Records shown:
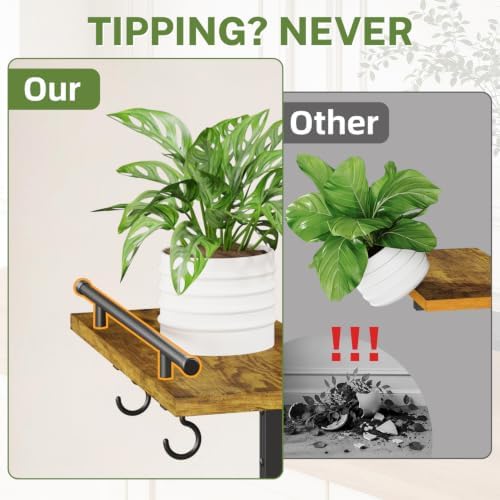 iDavosic.ly Wall Plant Holder with Grow Light 2 Pack, Floating Shelf, Brown - Image 5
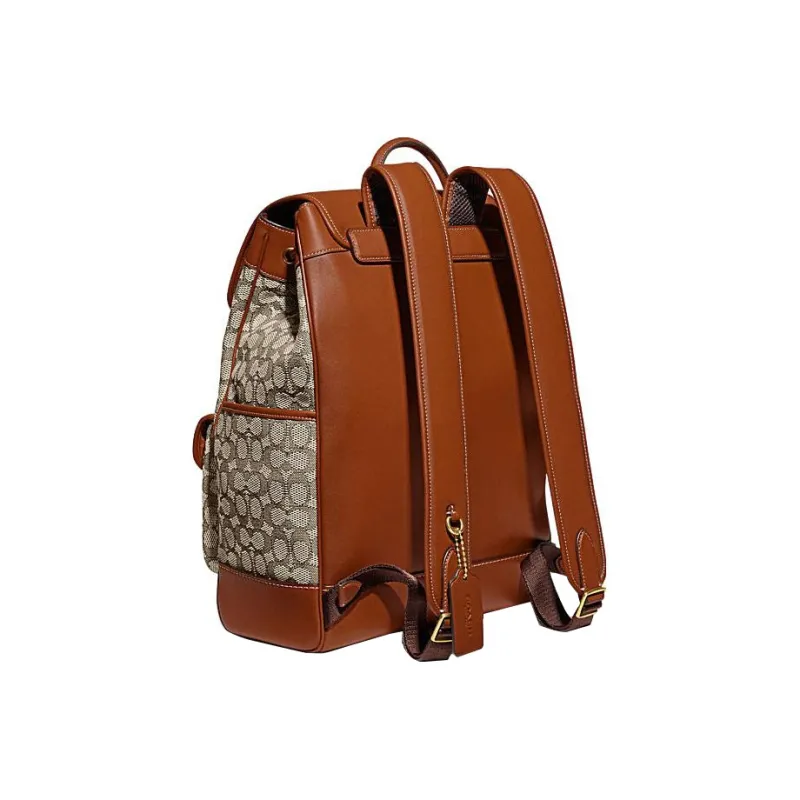 COACH Frankie Fabric With Cow Leather Drawstring Bag Backpack Tubas Men's Gray & Brown-2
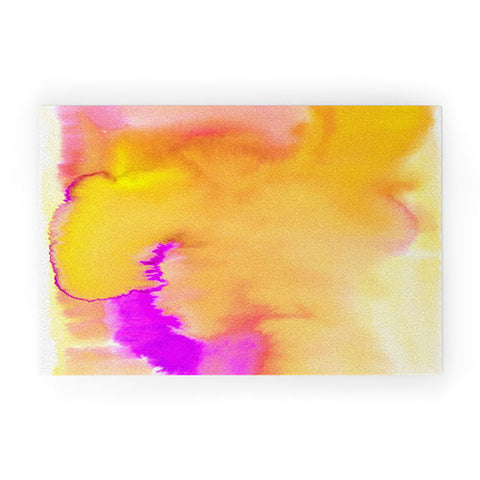 Amy Sia Aquarelle Sunset Yellow Welcome Mat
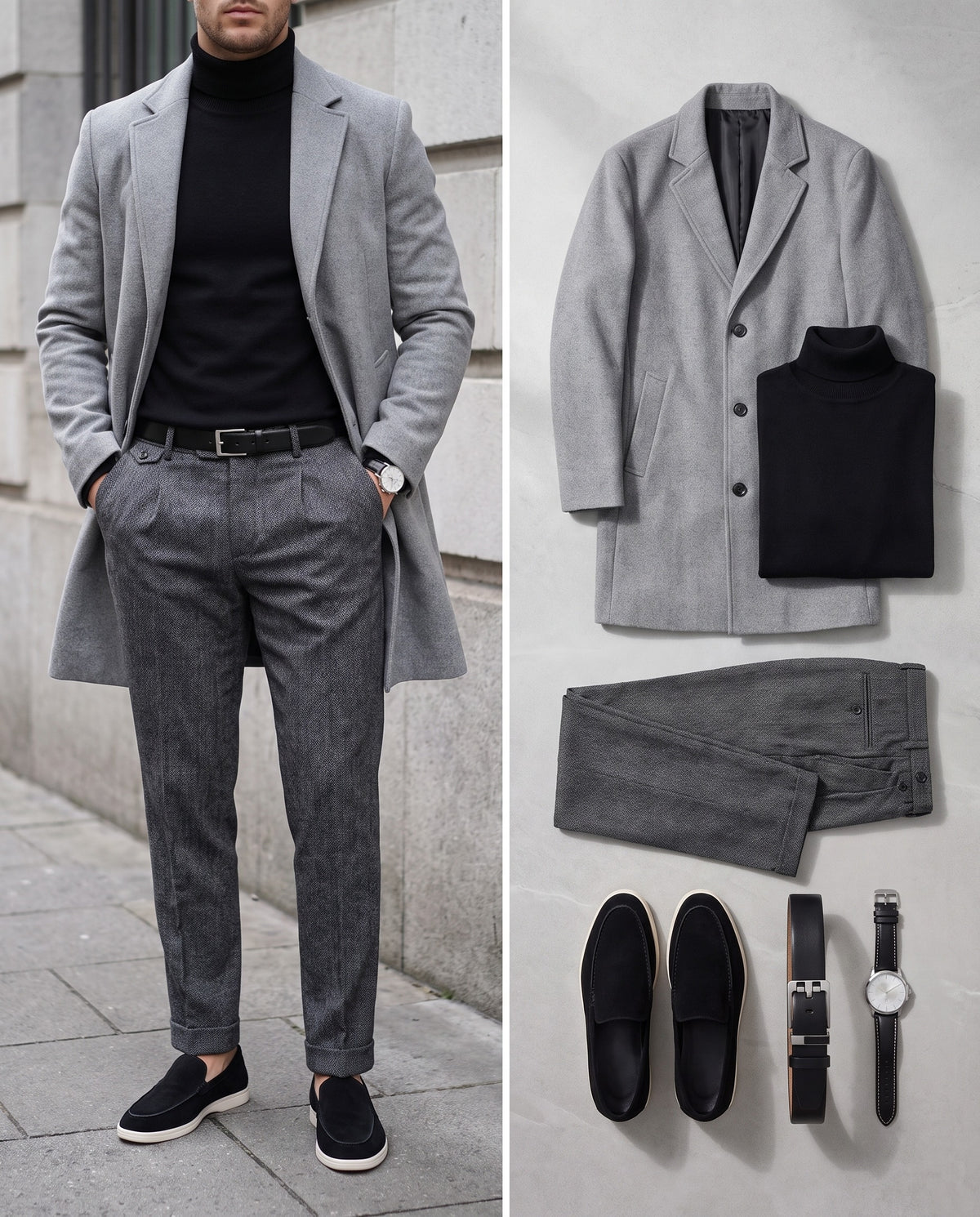 Charcoal Wool – the complete Look worn, and its 6 pieces laid flat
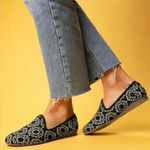 Toms  Darcy Sunburst 10016797 Black/Gray Canvas Fabric Flats Loafer sz 6 Photo 0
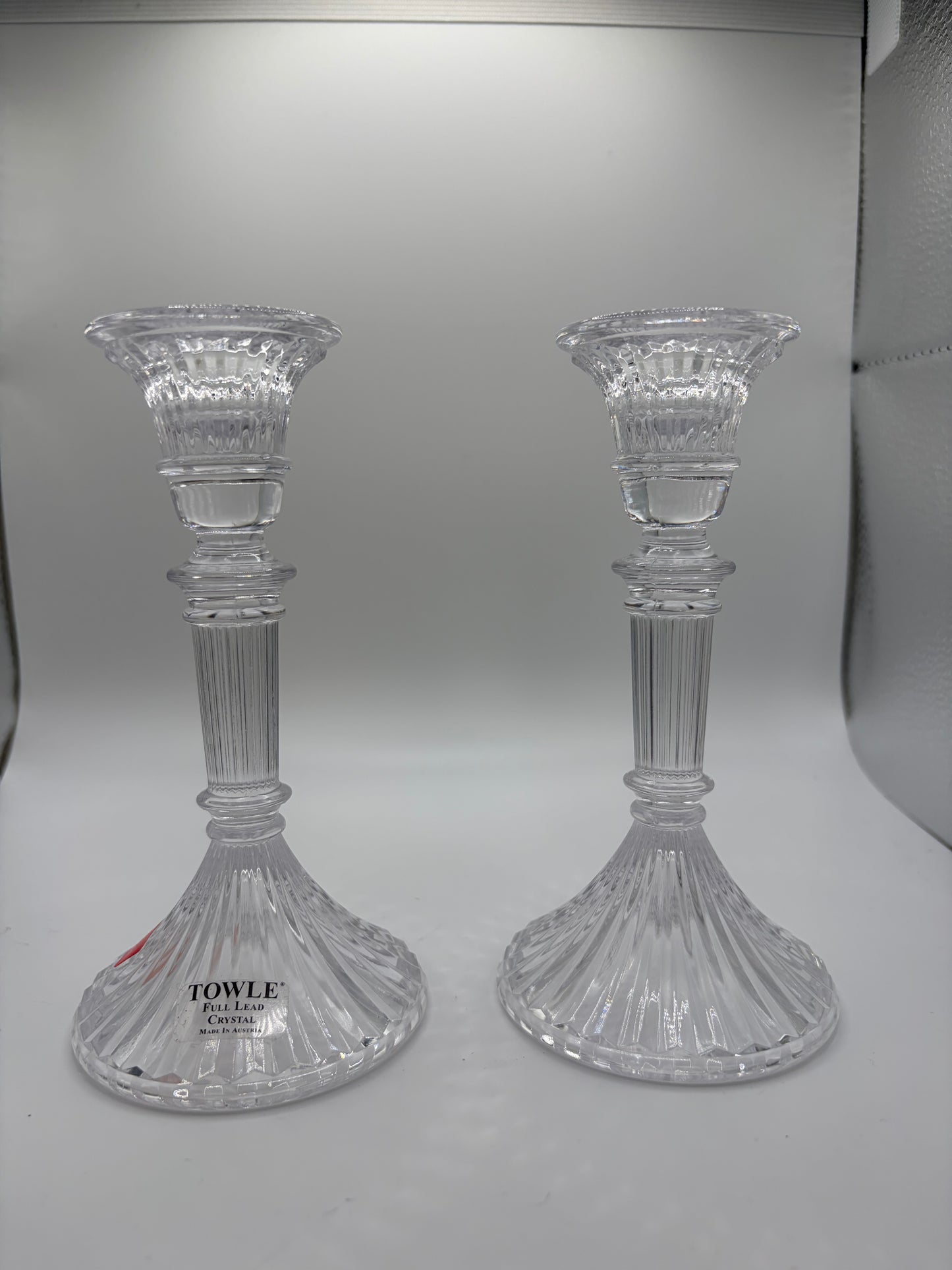 Towle 24% Full Lead Crystal 5" Tall Candle Stick Holders Vintage 1997 Austria - Set of 2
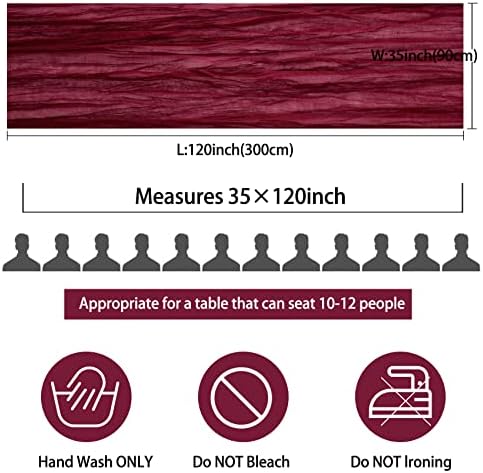 35x120 Inch Burgundy Cheesecloth Table Runner Fall Wedding Party Home Decor - Image 2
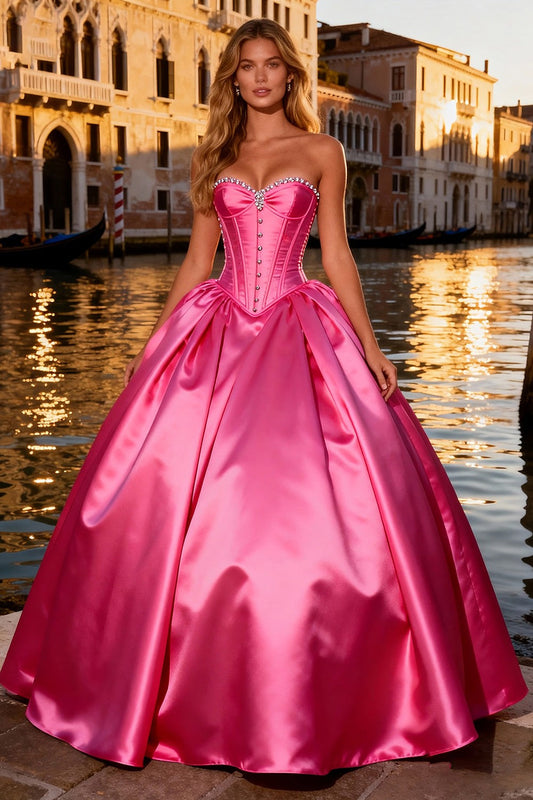 Robe de bal bustier rose vif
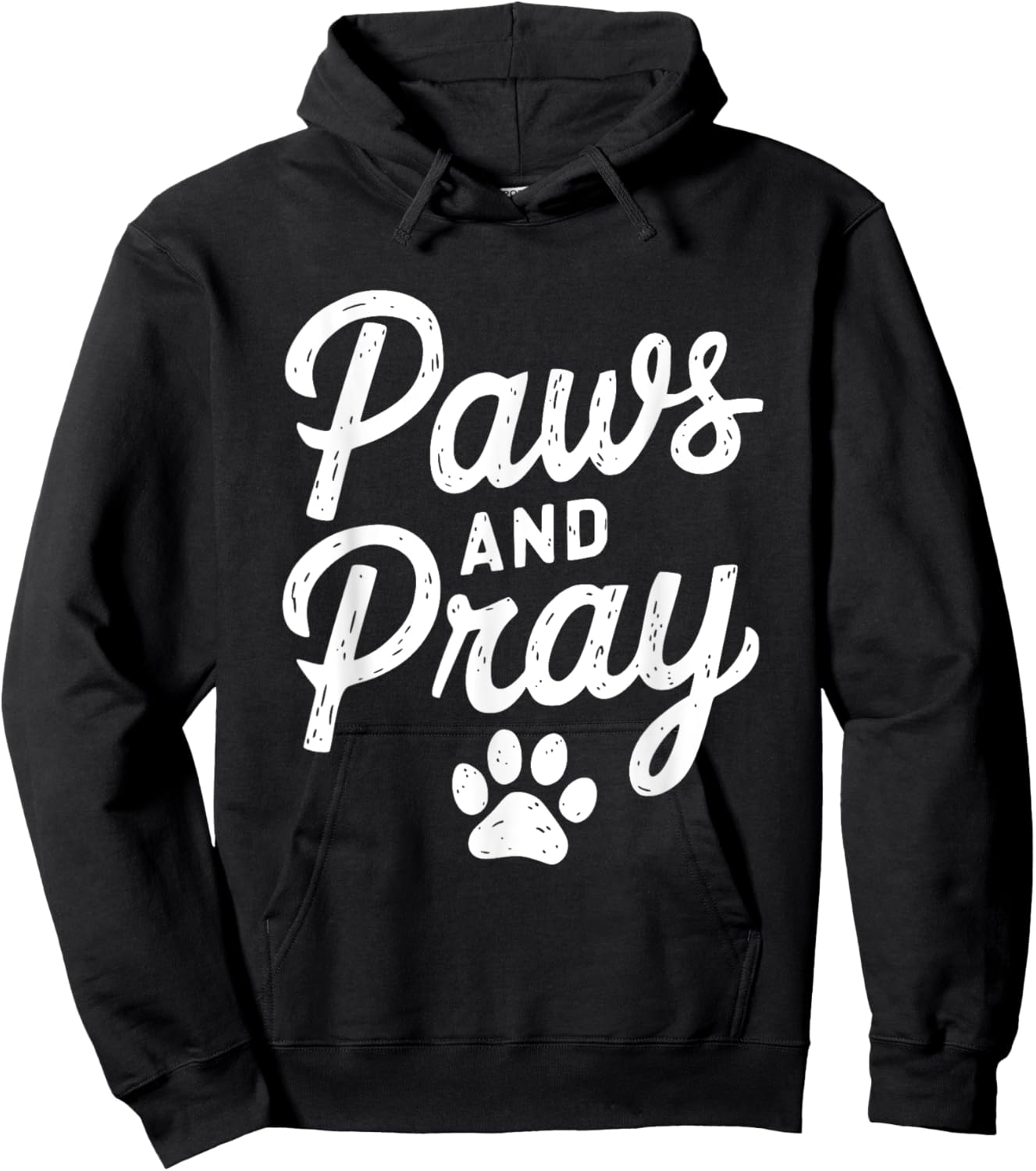Paws And Pray Christian Humor Design Hoodie - Hoodie | Black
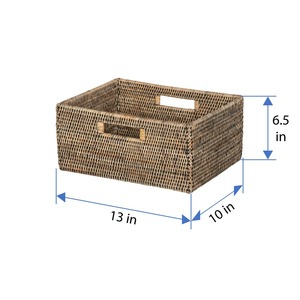 Cesta rectangular de ratán natural, cesta de almacenamiento hecha a mano, venta al por mayor, ecológica, hecha en Vietnam - Product Image 2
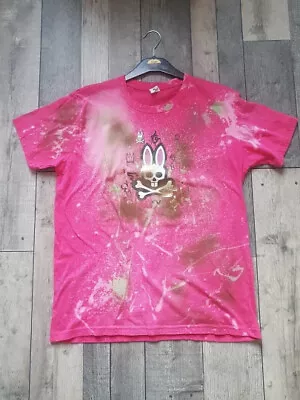 Buy T-shirt 44  LARGE PINK Bunny Punk Graffiti Distressed Emo Alternative  • 14.99£
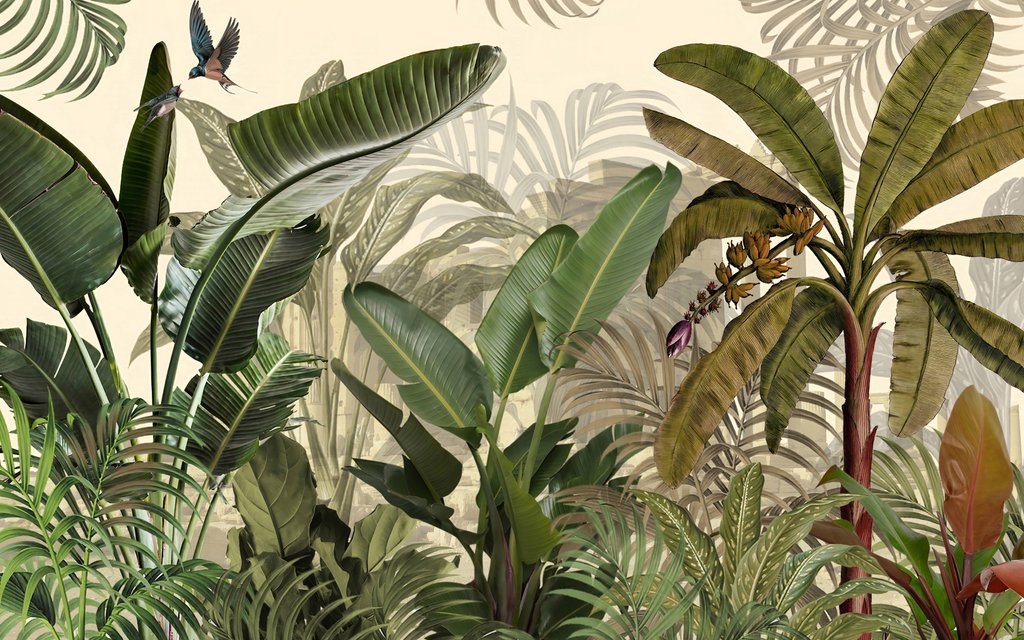 Hojas sobre verde profundo — diseño completo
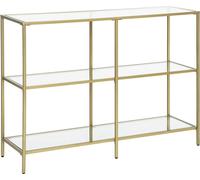 VASAGLE Table console, table d'entrée, 3 niveaux, table d'appoint, étagères en verre trempé, 100 x 30 x 73 cm, structure métallique, moderne, pour entrée, salon
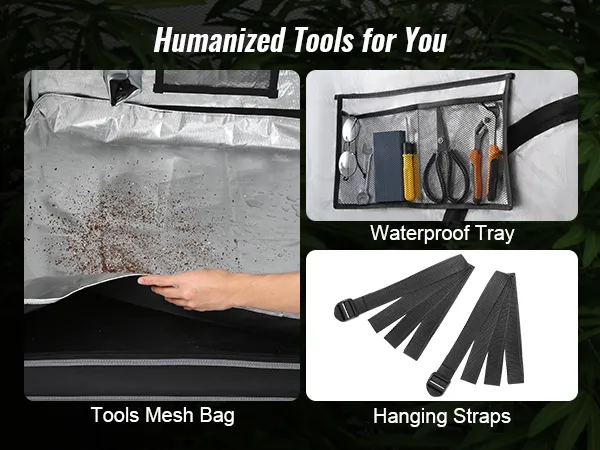 Bolsa de malla para herramientas, bandeja impermeable y correas para colgar incluidas con la carpa de cultivo VEVOR para un uso conveniente.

Work instruction:
Every entry above should be given again exactly, with no images included.

Response below:
 iDavosic.ly Wall Plant Holder with Grow Light 2 Pack, Floating Shelf, Brown - Image 5
 COACH Frankie Fabric With Cow Leather Drawstring Bag Backpack Tubas Men's Gray & Brown-2
 Amy Sia Aquarelle Sunset Yellow Welcome Mat
 Charcoal Wool – the complete Look worn, and its 6 pieces laid flat
 Toms  Darcy Sunburst 10016797 Black/Gray Canvas Fabric Flats Loafer sz 6 Photo 0
 Towle 24% Full Lead Crystal 5" Tall Candle Stick Holders Vintage 1997 Austria - Set of 2
 35x120 Inch Burgundy Cheesecloth Table Runner Fall Wedding Party Home Decor - Image 2
 Robe de bal bustier rose vif
Paws And Pray Christian Humor Design Hoodie - Hoodie | Black
 Cesta rectangular de ratán natural, cesta de almacenamiento hecha a mano, venta al por mayor, ecológica, hecha en Vietnam - Product Image 2
 Buy T-shirt 44  LARGE PINK Bunny Punk Graffiti Distressed Emo Alternative  • 14.99£
 Hojas sobre verde profundo — diseño completo
 VASAGLE Table console, table d'entrée, 3 niveaux, table d'appoint, étagères en verre trempé, 100 x 30 x 73 cm, structure métallique, moderne, pour entrée, salon
 Bolsa de malla para herramientas, bandeja impermeable y correas para colgar incluidas con la carpa de cultivo VEVOR para un uso conveniente.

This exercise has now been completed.